__PROMPT__
Using the records that follow, copy every line containing the word "onclick".

__THE RECORDS__

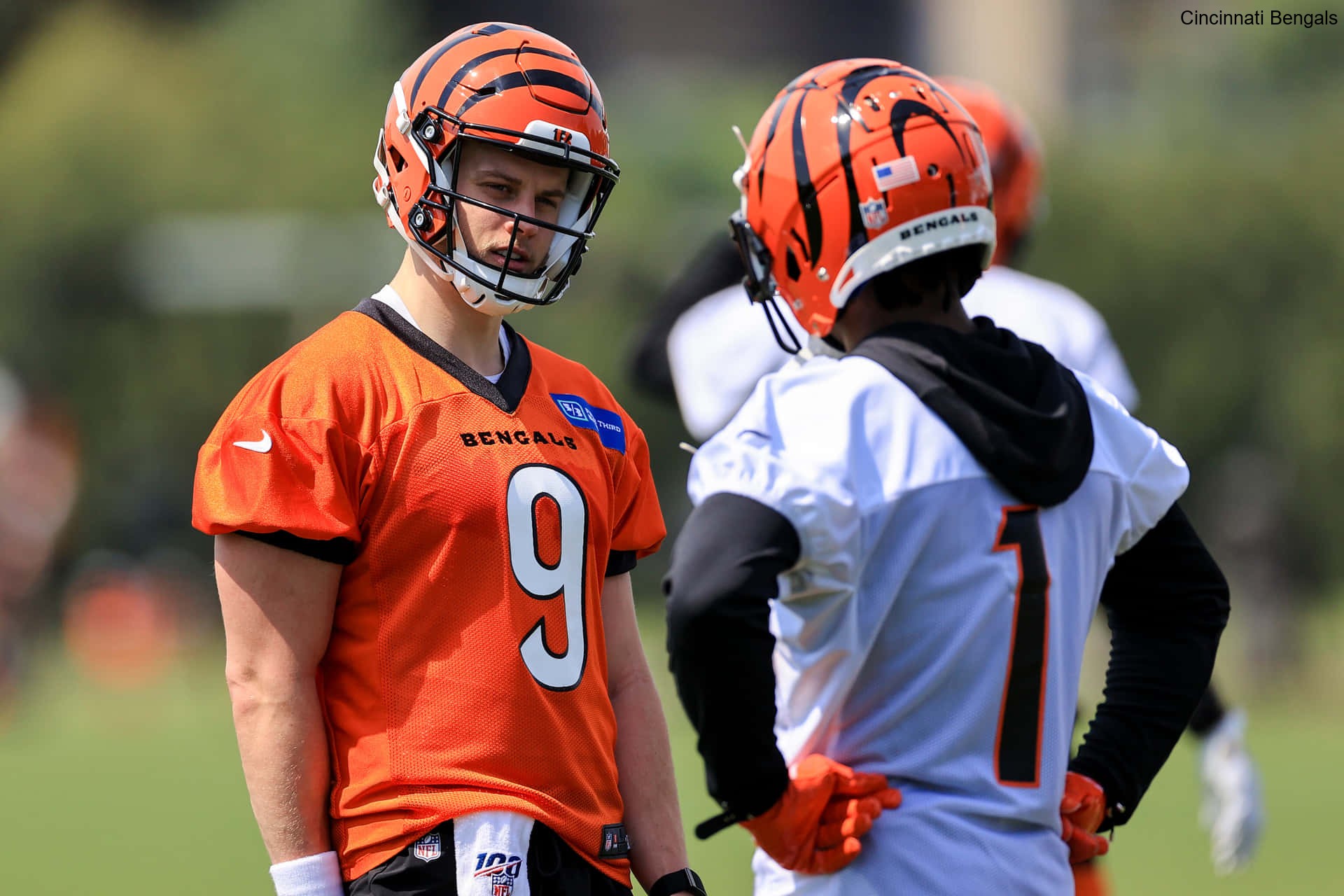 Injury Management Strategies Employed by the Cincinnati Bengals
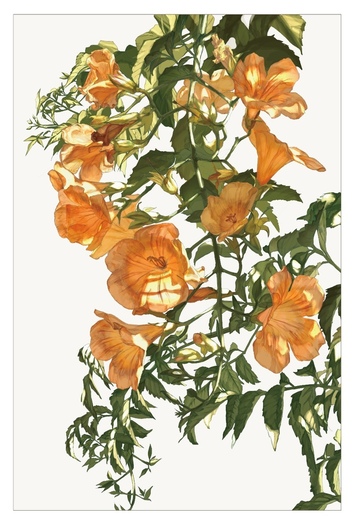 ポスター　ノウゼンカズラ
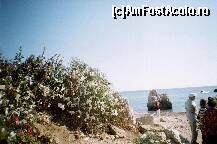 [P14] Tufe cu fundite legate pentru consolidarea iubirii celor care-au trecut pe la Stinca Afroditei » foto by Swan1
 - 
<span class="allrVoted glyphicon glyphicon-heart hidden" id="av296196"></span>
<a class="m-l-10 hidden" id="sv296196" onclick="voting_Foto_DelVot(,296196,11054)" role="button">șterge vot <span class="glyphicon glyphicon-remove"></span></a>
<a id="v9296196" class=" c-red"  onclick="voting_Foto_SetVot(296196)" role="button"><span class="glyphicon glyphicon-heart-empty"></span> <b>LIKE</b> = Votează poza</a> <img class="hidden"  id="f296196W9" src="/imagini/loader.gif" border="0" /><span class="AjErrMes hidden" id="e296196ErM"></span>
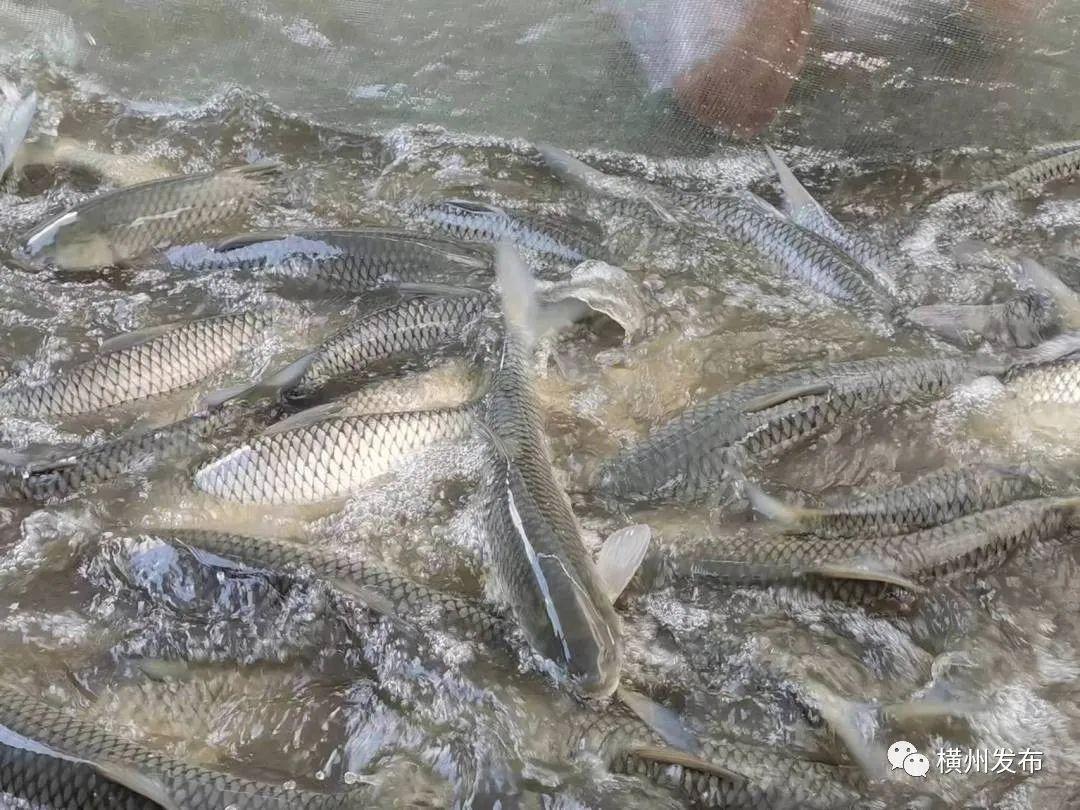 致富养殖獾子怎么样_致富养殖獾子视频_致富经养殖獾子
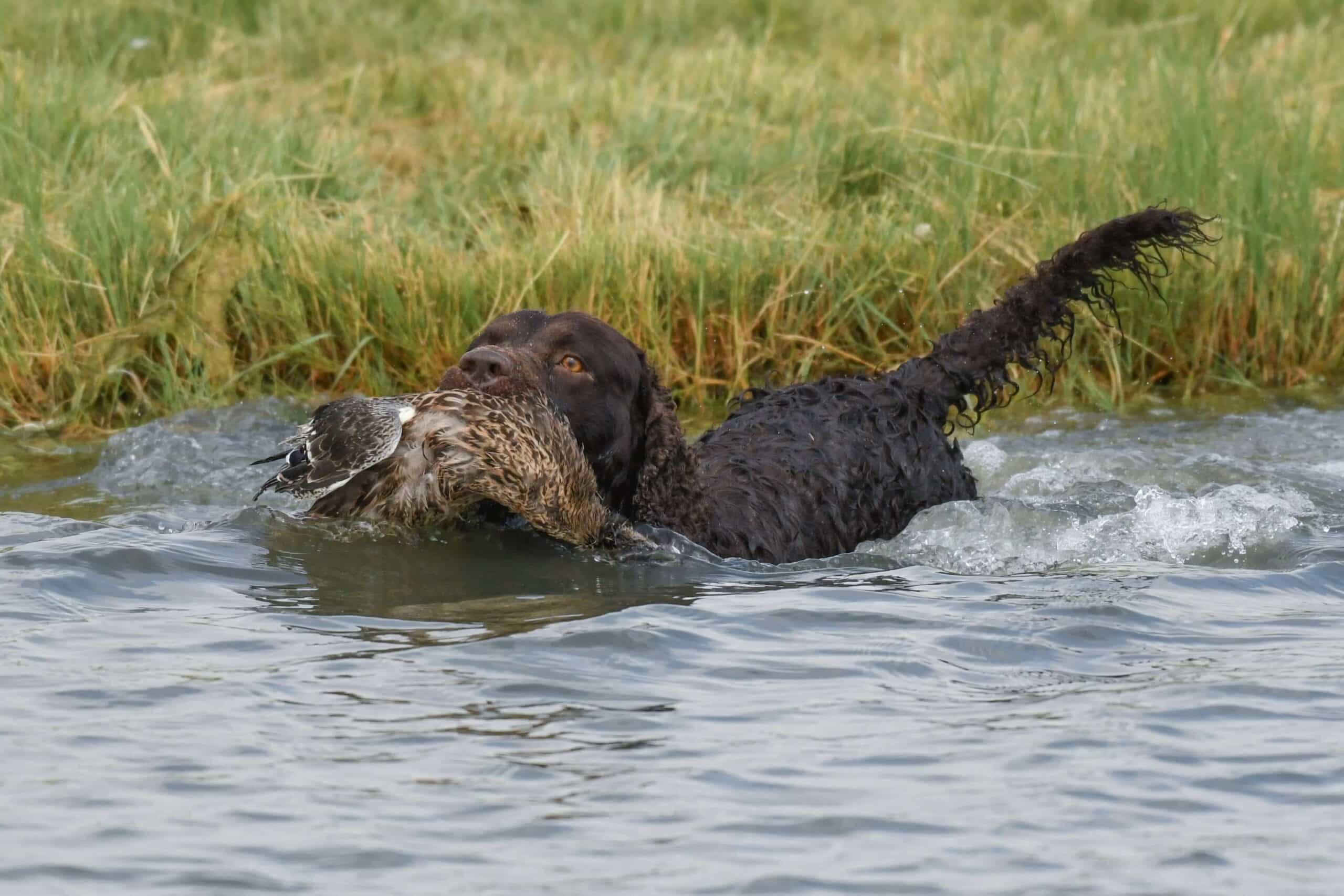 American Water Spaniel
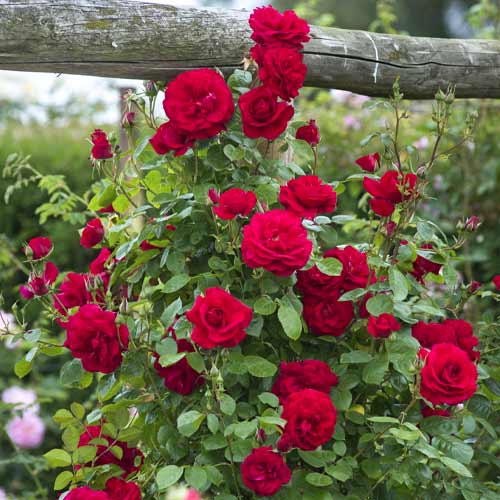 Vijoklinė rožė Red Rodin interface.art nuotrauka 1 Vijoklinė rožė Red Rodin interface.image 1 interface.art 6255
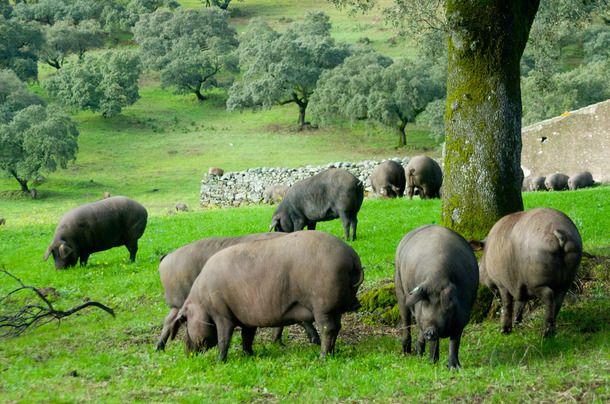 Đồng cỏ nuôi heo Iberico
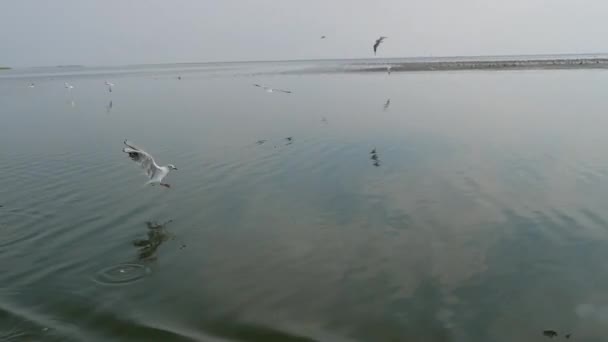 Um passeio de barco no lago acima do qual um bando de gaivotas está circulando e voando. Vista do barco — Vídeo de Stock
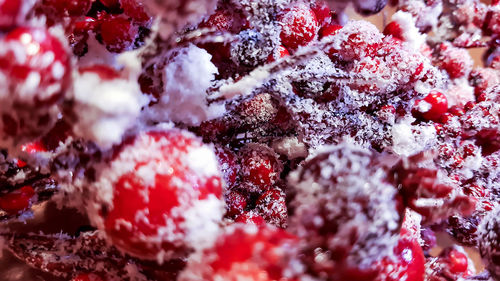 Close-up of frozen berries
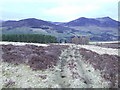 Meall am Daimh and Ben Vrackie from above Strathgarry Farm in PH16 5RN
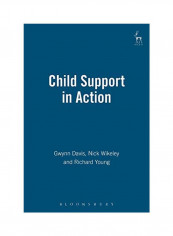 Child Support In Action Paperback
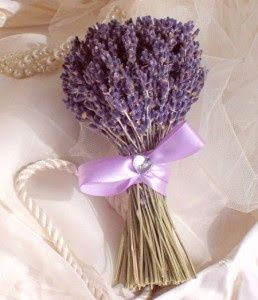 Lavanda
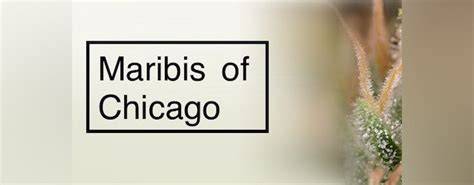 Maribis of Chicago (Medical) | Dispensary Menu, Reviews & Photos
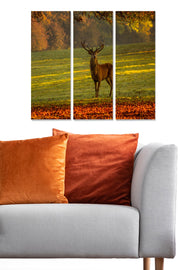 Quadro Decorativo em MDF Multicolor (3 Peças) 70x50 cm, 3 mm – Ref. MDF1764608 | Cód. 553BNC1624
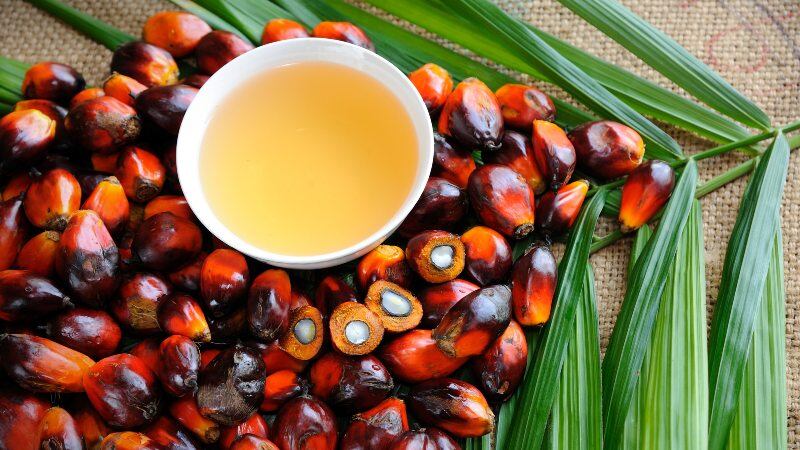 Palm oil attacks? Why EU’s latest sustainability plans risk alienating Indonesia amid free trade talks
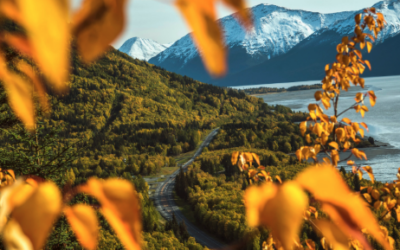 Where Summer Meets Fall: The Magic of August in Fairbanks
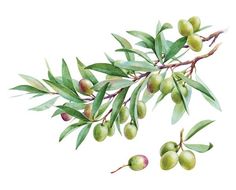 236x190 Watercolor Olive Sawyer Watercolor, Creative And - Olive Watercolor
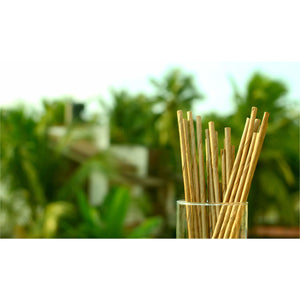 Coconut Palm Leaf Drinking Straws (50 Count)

__RESPONSE FOR THIS EXERCISE__
<a class="m-l-10 hidden" id="sv296196" onclick="voting_Foto_DelVot(,296196,11054)" role="button">șterge vot <span class="glyphicon glyphicon-remove"></span></a>
<a id="v9296196" class=" c-red"  onclick="voting_Foto_SetVot(296196)" role="button"><span class="glyphicon glyphicon-heart-empty"></span> <b>LIKE</b> = Votează poza</a> <img class="hidden"  id="f296196W9" src="/imagini/loader.gif" border="0" /><span class="AjErrMes hidden" id="e296196ErM"></span>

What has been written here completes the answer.